I will soon leave for the Catholic secondary school Monsieur Beekoo and Mama wish for me. There will be no lashings there. It is, after all, a star school, one of the most respectable. We will mostly just get detention, for wearing short uniform skirts (Rule 7 from the Code of Conduct : the hem of the skirt needs to be at or below the knees and not reveal too much skin) or for speaking in Creole (Rule 2 : only French allowed). Sometimes, if we fail to remember the main themes in Proust’s Du côté de chez Swann, an occasional blackboard eraser will be thrown in our general direction, easily dodged. And in my case, a teacher will replace my surname daily with funny ones from Voltaire’s Candide when doing roll call. I will stand tall and silent through it all, with no pain at all except for the strange one in my throat.

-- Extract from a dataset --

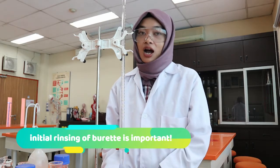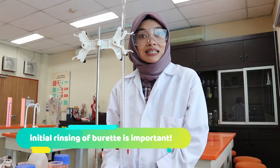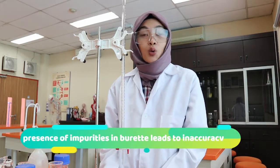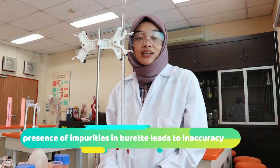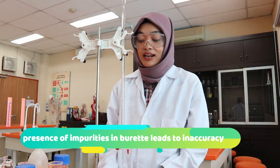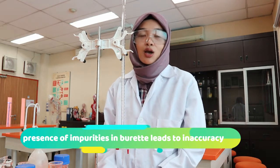Those impurities will alter our results. For example, if this burette was cleaned and rinsed with water but it hasn't dried completely when we use it, then that water will dilute whatever solution we're going to put inside. When dilution happens, whether it is on purpose or it isn't, the concentration of the solution will change.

When we have sex, my moans and postures are as deliberately arranged as my words, from years of practice and of watching Jason Priestley, Andie MacDowell, Shah Rukh Khan, and Rani Mukherjee speak love in English dubbed in French. The words I actually want to say never make it to the tongue which has by now fossilized into pointed and squared morphologies. They escape me once in a while, but always outside of sexual intercourse. “Ayo,” that protean sauce of an onomatopoeia that goes with every dish, comes first to express sheer pleasure, utter disappointment, and everything in between. Then “fouf,” more and more impatience. After a fight one day, something long forgotten almost escapes my lips : bour to sime ale. The painful knot in my throat alchemises the words and translates to Nigel : it’s over. He moves out of my apartment the same day. Although we break up on my terms, we say it in his words, that’s why it’s over.





Sedley Assonne.
























Crédit : Sedley ASSONNE.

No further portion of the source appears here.